"As an evolutionary idealist and populizer of science for the community, LeConte gave to science, an artistic charm. He believed that the "logic of science," temporarily concealed by uncertainties and inadequate data, would eventually emerge as a completed masterpiece, enabling the scientist not only to trace the course of man's wisdom from the past, but also to analyze and direct his potential in the future.
LeConte had an artists concern for unity and therefore never accepted a polarity between man's physical and spiritual nature. Likewise, he never separated science from art-- the desire for metaphysical unity, a harmony of all categories of life, was the pervasive theme running through all of his work. Wrote Royce of LeConte,"Every definite series or province of facts or of processes [became for him] a subordinate part of a larger whole, intolerable in its fragmentariness."

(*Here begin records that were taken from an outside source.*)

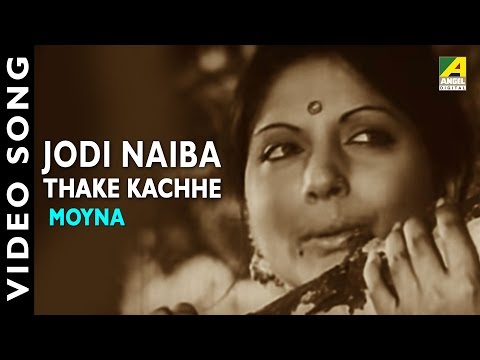 Jodi Naiba Thaki Kache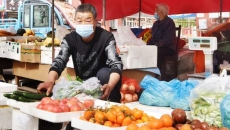 博源国际(中国)有限公司官网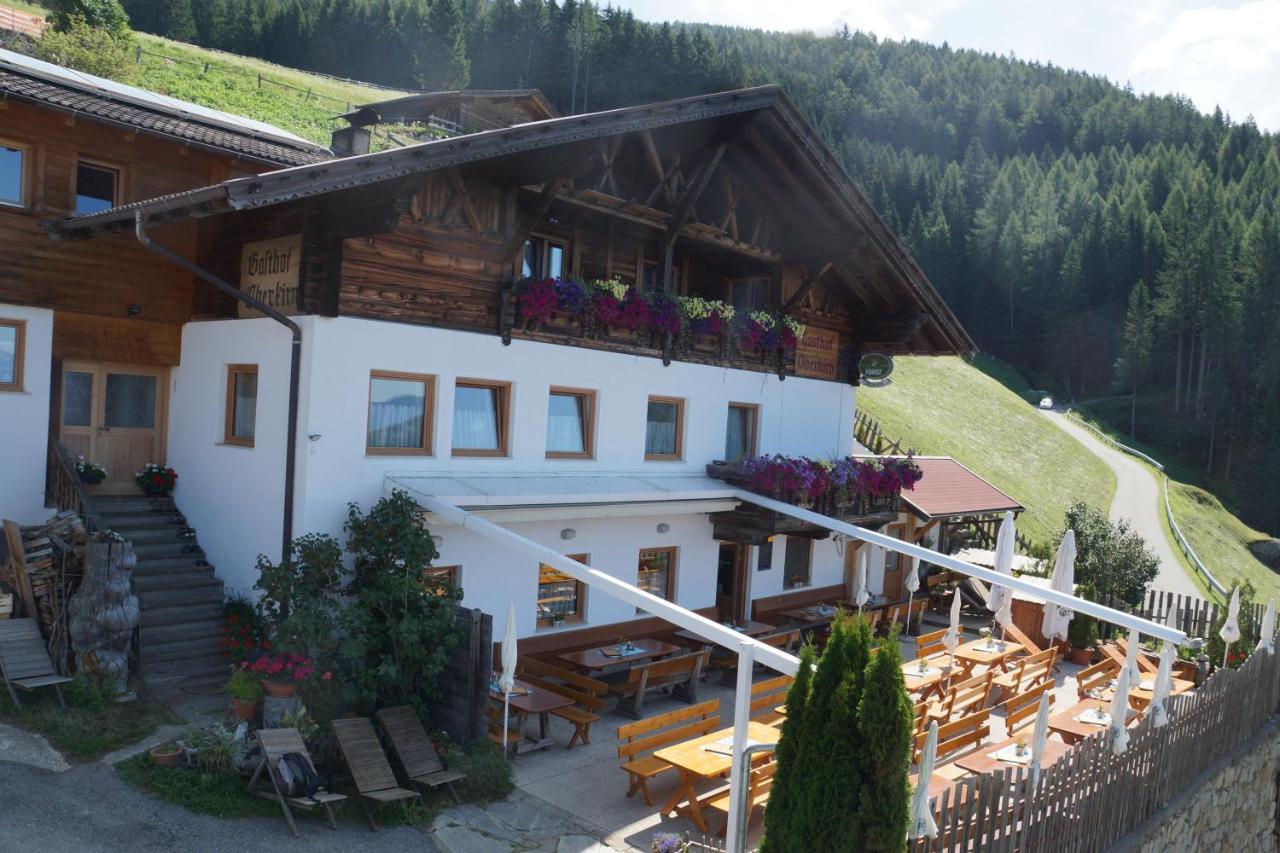 Gasthaus Oberkirn Schenna Ngoại thất bức ảnh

Art, the highest for of unity, preceded science and was its condition for being. Art led to science ,but when science advanced sufficiently it in turn perfected art. Science, the "heavenly daughter of an earthly mother," led men to a fuller understanding of life by uniting empirical data with specualative genius, a union of intuition and patient research."
Emprical art precededs science and is its condition; rational art comes after science and is its embodiment. Empirical art is the outcome of the use of intuitive reason, which works without the understanding itself, and which in its highest forms we call genius. Scientific art is the outcome of the use of the formal reason which analyzes and understands the principles on which it works. Empirical art may indeed attain great perfection, but sooner or later reaches its limit and either petrifies or decays. Scientific art, because it understands itself, is of necessity indefinitely progressive."
John S Haller. Outcasts from Evolution pg 157.